Het is een belachelijke zaak ons af te vragen of dit iets met onze tijd en met onszelf te maken heeft. Wie zich in een tijd van God-is-dood nog nooit van God verlaten heeft gevoeld leeft op de maan. En wie beweert dat hij alleen maar van horen zeggen weet wat eenzaamheid is... zo iemand moet nog geboren worden.
Laten we gewoon eerlijk zijn: voor heel wat mensen zit de hemel potdicht. Of het nu is vanwege ziekte, eenzaamheid, huwelijksconflict, werkeloosheid of moedeloosheid, dat doet er verder niet toe.

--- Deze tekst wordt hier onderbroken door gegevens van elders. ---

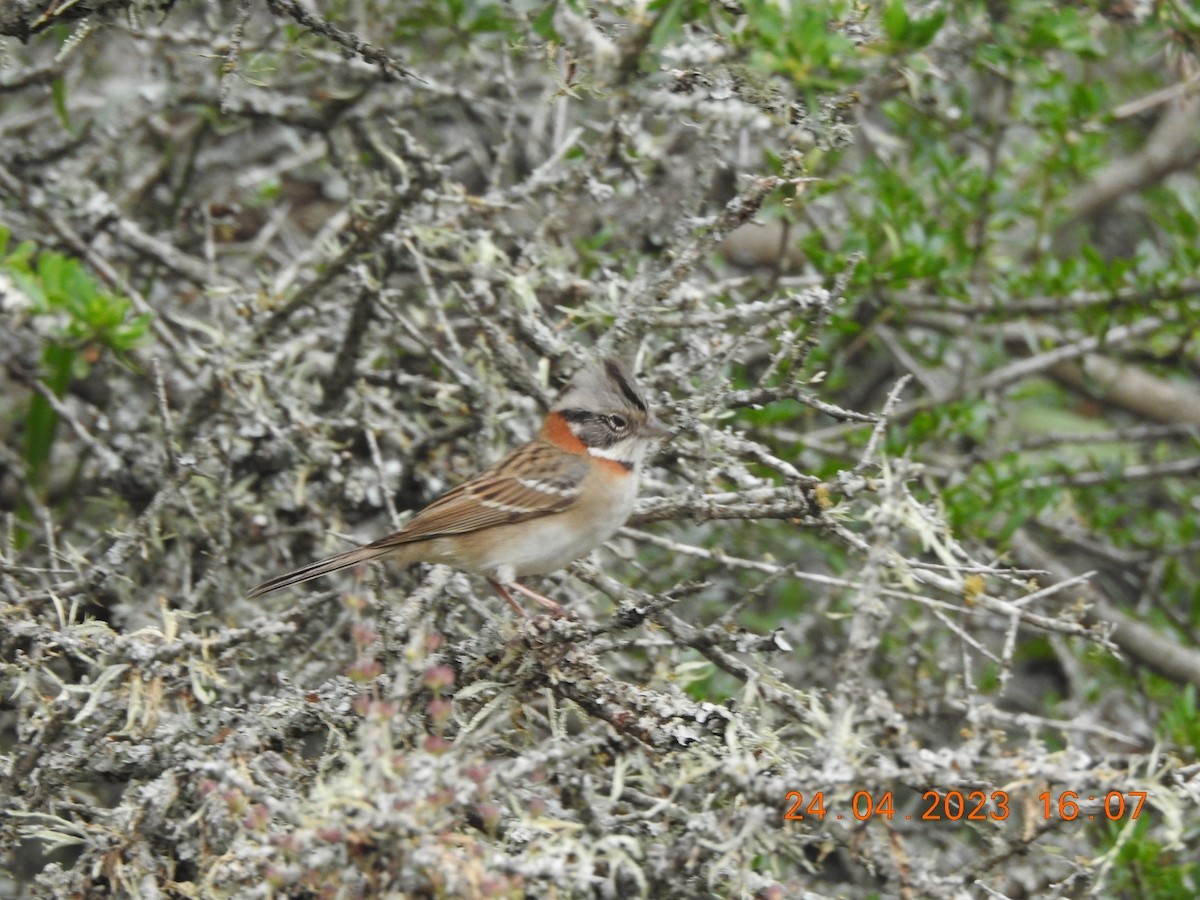 Rufous-collared Sparrow - ML562893711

Kan dan voor ons de hemel openscheuren? Ik denk van wel. Want het is ons geloof, onze geloofsovertuiging, dat God ons niet in de steek laat. Wij hebben tot Hem geroepen, en Jezus is Zijn antwoord. En die mens, die Gods antwoord is, roept niet, schreeuwt niet, verheft zijn stem niet op straat. Hij is herkenbaar aan het feit dat hij het geknakte riet niet breekt en de kwijnende vlaspit niet dooft. En wat met geknakt riet wordt bedoeld en wie die kwijnende vlaspit is, is niet zo moeilijk te achterhalen. Dat zijn wij. Voor ons is de hemel opengescheurd. Jezus is Gods antwoord op ons roepen.

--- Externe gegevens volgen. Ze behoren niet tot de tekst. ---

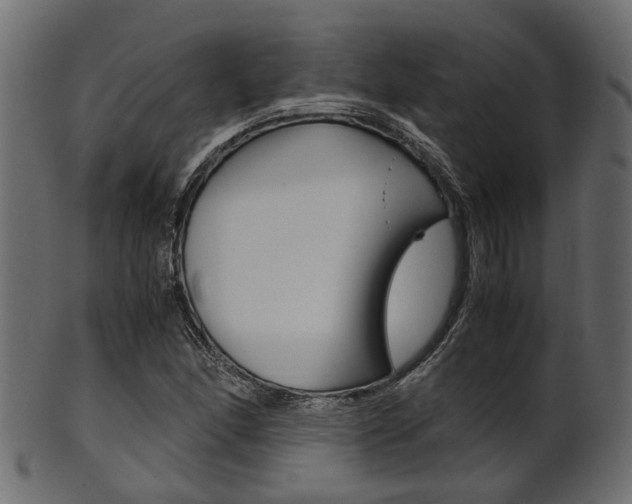 X0000102031166200807180959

Waarom zouden wij niet echt naar dat antwoord luisteren? Wat maak je je bezorgd om de dag van morgen. Je bent toch veel meer waard dan een zwerm mussen? Kijk naar de zon, dan is de schaduw achter je. De dood is geen punt, maar een dubbele punt. Er komt wat achter. God heeft je lief, omdat je beter bent dan je denkt. Dit en nog zoveel meer zegt Jezus. Gods antwoord op ons roepen. Maar wij krijgen dit antwoord pas, als we eerst geroepen hebben. Alleen wie op de grond ligt kan opgetild worden.